Pero no es justo condenar a nuestra cultura occidental de mutilación alguna. Que la antedicha interpretación no nos haga olvidar sus logros. Ella, por sublimación de los instintos –que no implica que los elimine– nos ha investido y diferenciado del primate desnudo. Desde los tiempos de los altos dioses de Grecia, cuando el velo encantado de la poesía aún envolvía graciosamente a la verdad, como dice bellamente Schiller, hasta el presente, al que no tenemos por qué reducir a consumo de masas y utilitarismo.
Y fortalezcamos de paso, un importantísimo aspecto de ella: el normativo. Que nos enseña que lo decisivo es antes la conciencia del deber que la invocación de derechos y la defensa de privilegios; así como, en posición correlativa, lo que cuenta es el buen funcionamiento institucional, en lugar del recurso a términos grandilocuentes como Democracia o República.
Cultura normativa que no es sólo Derecho positivo sino que implica una Ética social y alcanza a las moralidades individuales.
Es que no es sólo lo que vive el hombre sino lo que aprende de ello; no es sólo su vivencia sino su convivencia; todo lo cual constituye experiencia, tanto social como personal. Saber que se deriva de la memoria de las vivencias pasadas, expresado y conservado en el acto y en el signo. Experiencia también colectiva, no porque sea la memoria de un organismo social que nos englobe, sino porque es configuración de una realidad compartida, que vale como símbolo común.
Es así como se estructura el comportamiento en un campo social y como se prolongan los contenidos de conciencia en las formas culturales. Y un aspecto de tal ordenamiento es el normativo, que predetermina modelos de conducta asociadas a situaciones típicas, que la sociedad espera o exige.
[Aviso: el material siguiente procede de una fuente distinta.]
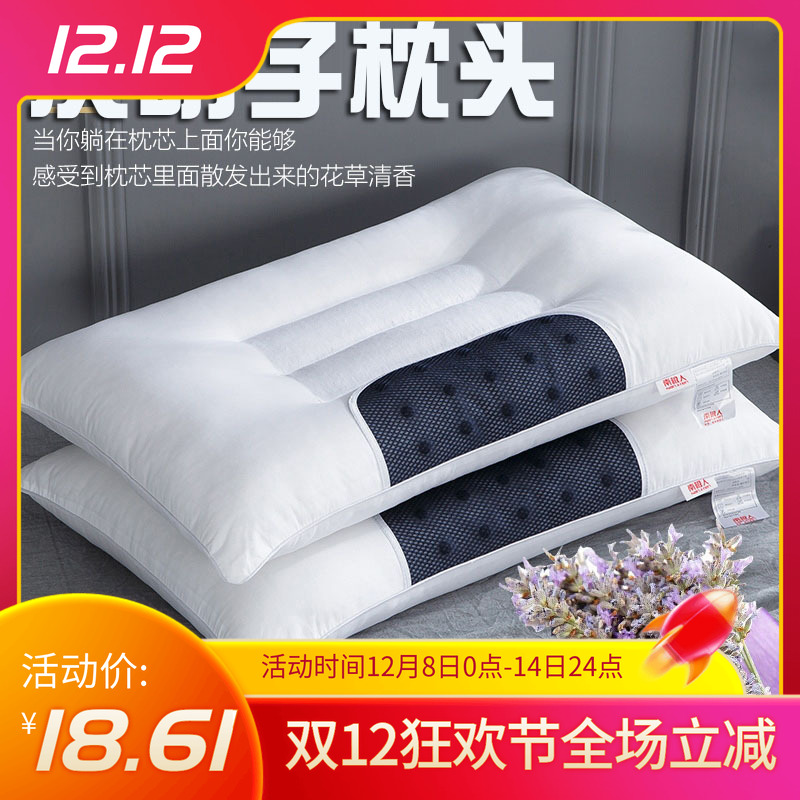 整头枕头枕芯加枕套平矮低枕薄款偏硬荞麦皮决明子一对装家用柔软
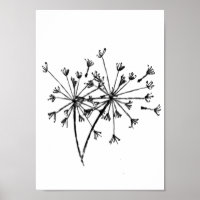Minimalistischer Dandelion Digital Sketch Art Blac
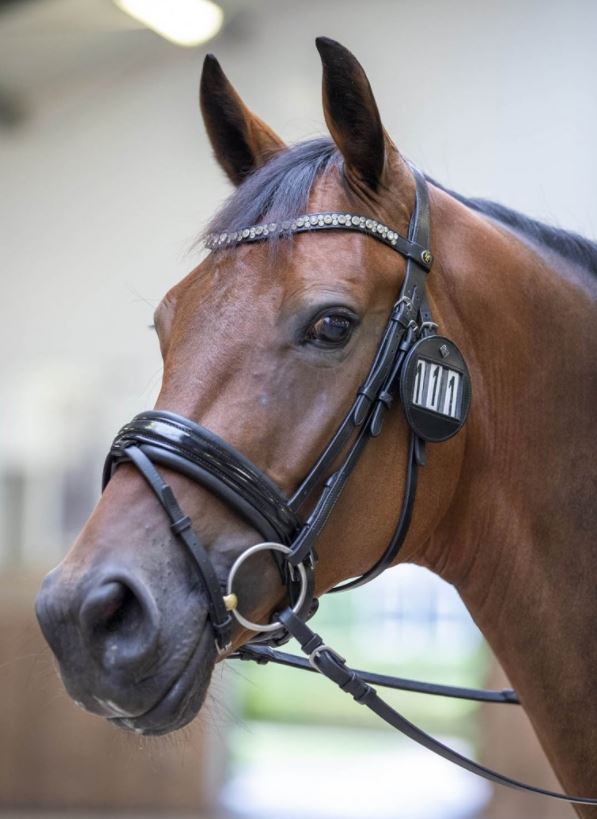 LeMieux Bridle Number Holder - Country Ways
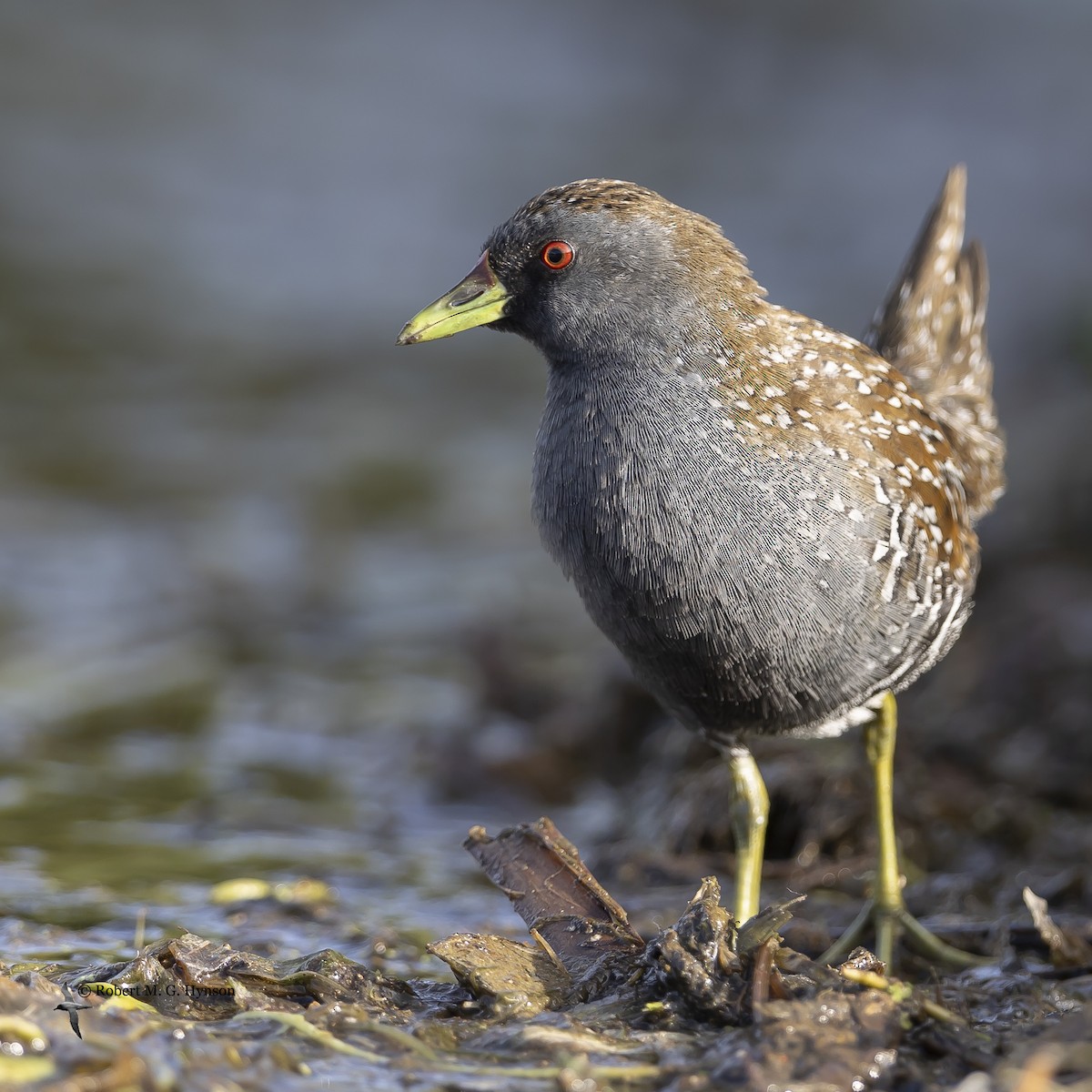 Australian Crake - ML623686215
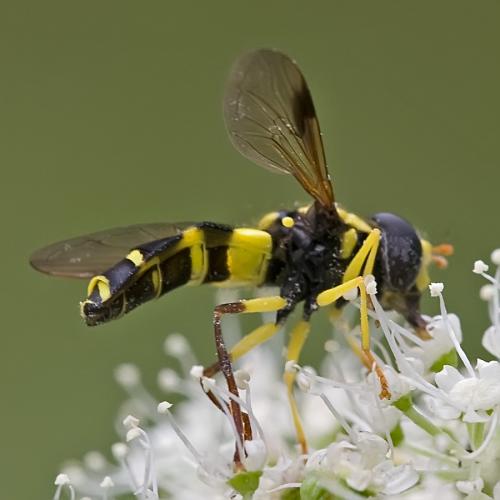 Philhelius pedissequus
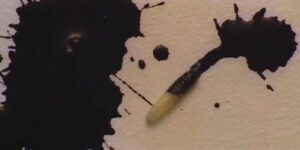 Maggot Inkblot
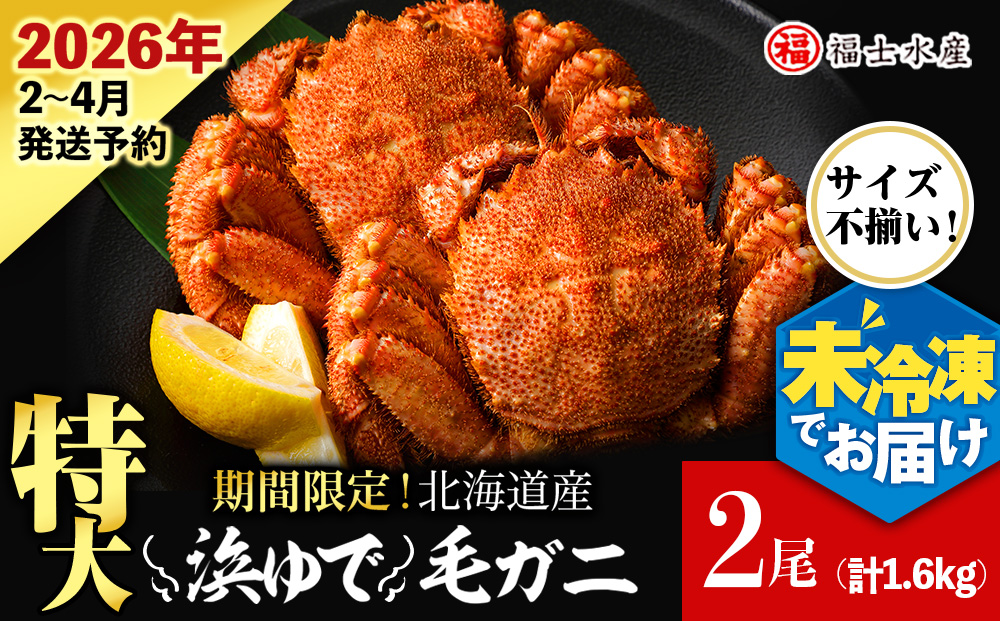【2026年発送予約】チルドでお届け！ 浜茹で毛ガニ特大２尾（不揃い合計約1.6kg） 〈福士水産〉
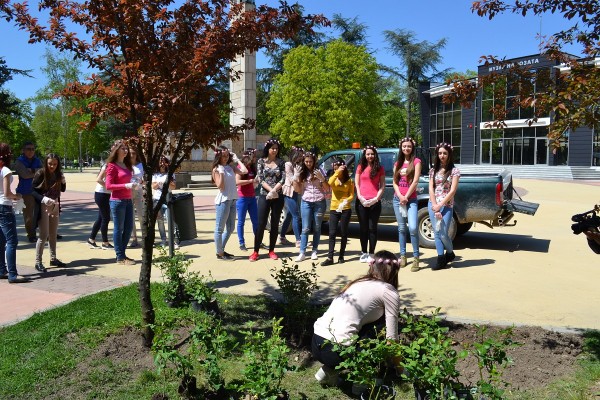 Кандидатките за Царица Роза 2017 започнаха засаждането на рози в Казанлък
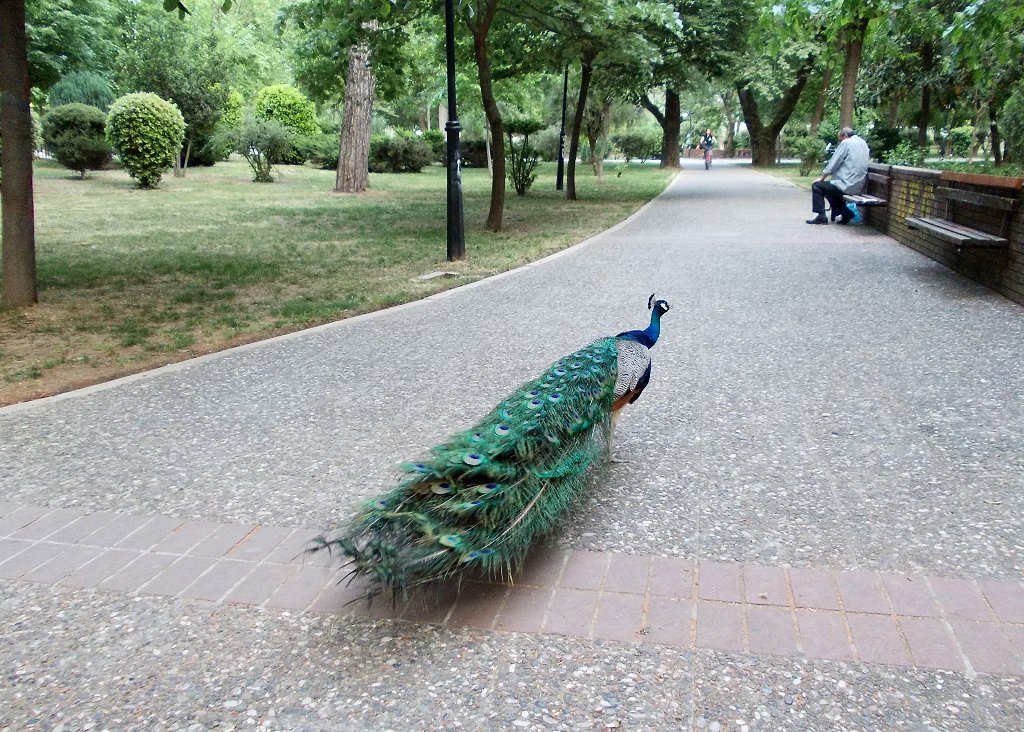 Indian Peafowl (παγώνι)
Normativo no sólo por lo que se espera de tales modelos, sino porque existe la conciencia de su obligatoriedad… además de saberse que su no cumplimiento acarreará reacciones de desaprobación. Reacciones que en la sociedad compleja se institucionalizan en instancias y mecanismos de control que aseguran el mantenimiento de la interdependencia social. Pero esto no resta la importancia que tiene, reitero, la conciencia en el obligado, en quien debe darse el hábito de su cumplimiento. Ya desde Aristóteles la virtud es un hábito… posición retomada más tarde en el pensamiento cristiano.
Entonces, tanto hábito en el cumplimiento del deber, en la comunidad, como oportuna y rápida intervención de sus mecanismos de vigilancia y sanción. Estos elementos preceptivos de toda cultura son los que deben interesarnos hoy en la nuestra.
¿Los tenemos? Porque cumplimiento y buen funcionamiento son condiciones, entre otras, del renacer de nuestra esperanza (el arte y la ciencia, asimismo esenciales, no son considerados aquí por no ser prácticas colectivas sino expresiones individuales, aunque lo sean también, de una experiencia colectiva).
El Derecho será legítimo pues, si es reconocido por la conciencia moral en general y ésta a su vez se verá garantizada si el Derecho que la respalda cuenta con la suficiente vigencia. No dejando por eso la conciencia de ser la individual: es precisamente el proceso de individualización normativa y de diferenciación cultural, propias de una sociedad compleja, lo que ha abierto el espacio para el desarrollo de una personalidad madura. Y está muy bien que así sea, con respeto (y tolerancia) de toda otra personalidad que pueda ser distinta.